Tekst: Kapitein Jessica Bode | Foto’s: NIMH, Menno Bausch (headerfoto)

Reden voor het NIMH om tientallen foto’s door bouwkundig modelleur Erwin Zeemering in te laten kleuren. Dat levert bijzondere beelden op die we de komende weken graag met u delen.

Van 1940, het begin van de Tweede Wereldoorlog, maken we vandaag een flinke sprong voorwaarts en zoomen we in op 21 september 1944. De dag dat het Regiment Stoottroepen officieel wordt opgericht.
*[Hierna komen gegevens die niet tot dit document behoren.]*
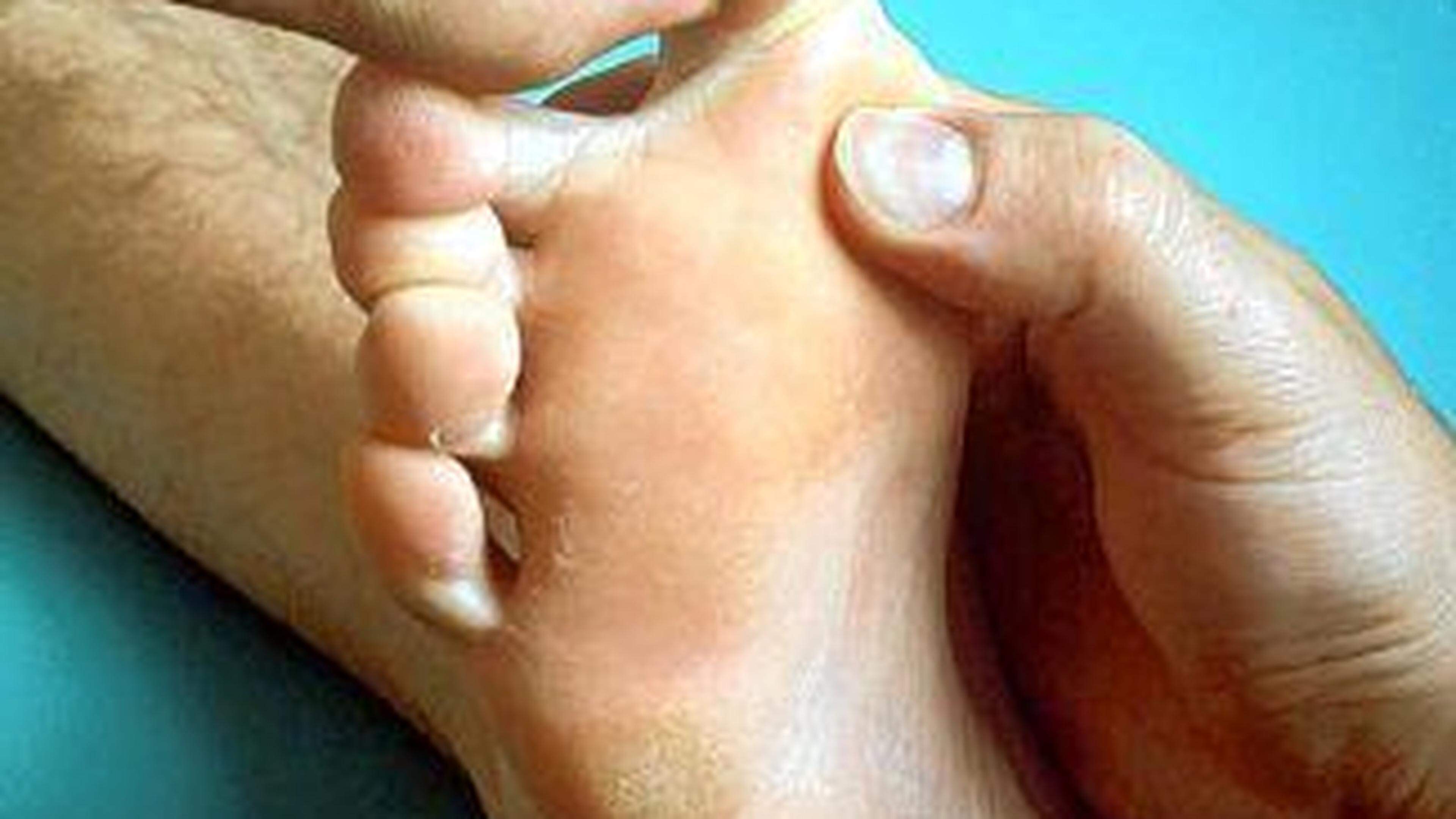 Schon vor etwa 5.000 Jahren entwickelte sich in der traditionellen chinesischen Medizin die Idee, dass jedes Organ und jeder Teil des Körpers einem bestimmten Bereich auf der Fußsohle zuzuordnen ist. So entstand die Fußreflexzonentherapie.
Na de bevrijding van het grootste gedeelte van Zuid-Nederland in september 1944 wordt vanuit het verzet het Regiment Stoottroepen opgericht als onderdeel van de Binnenlandse Strijdkrachten. Het bestaat uit vrijwilligers, waaronder veel voormalige verzetsstrijders, die worden getraind en uitgerust om de geallieerden te ondersteunen bij de bevrijding van Nederland. De Stoottroepen van het Commando Brabant komen onder Brits bevel te staan, de Stoters in Limburg onder Amerikaans bevel.

De compagnieën uit Limburg versterken voornamelijk het front in het zuiden van deze provincie door wacht- en verkenningspatrouilles uit te voeren. De Brabantse Stoters, zoals op de foto te zien in Brits tenue, worden ingezet aan de oevers van de Maas en Waal. Zij moeten vijandelijke infiltraties in het rivierengebied tegengaan, om te voorkomen dat de Duitsers vernielingen aanrichten of krijgsgevangenen maken. Vanaf januari 1945 bewaakt een aantal compagnieën van Commando Brabant het front in Zeeland.  
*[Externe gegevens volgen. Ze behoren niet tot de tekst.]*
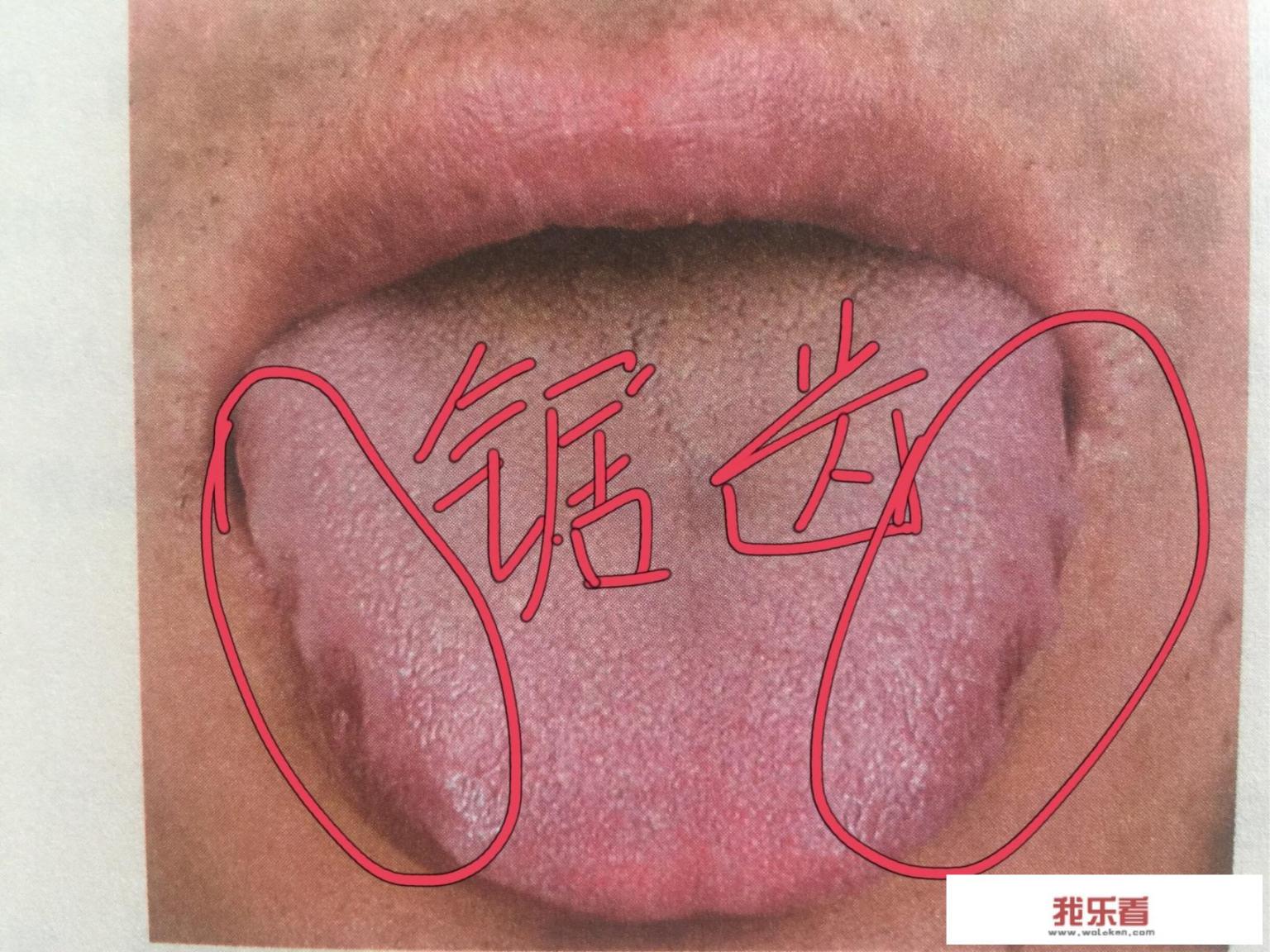 吃什么食物补血快？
De geallieerden kunnen de ‘Stoters’ goed gebruiken: zij kampen aan het front in het zuiden van Nederland met een troepentekort. Vanaf eind september 1944 bemannen de Brabantse en Limburgse Stoottroepen daarom her en der langs het front posten die zij moeten verdedigen tegen Duitse gevechtsacties. Ook draaien ze wacht- en patrouillediensten. De Stoters doen dit onder vaak barre weersomstandigheden en met een groot tekort aan voedsel, kleding en bewapening.

Veel van de Stoters zijn uiteindelijk maandenlang actief op Nederlandse bodem. Een ander deel trekt de laatste oorlogsweken diep Duitsland in. Van de 6.000 Stoters die tussen september 1944 en mei 1945 onder de wapenen komen, sneuvelen er 102.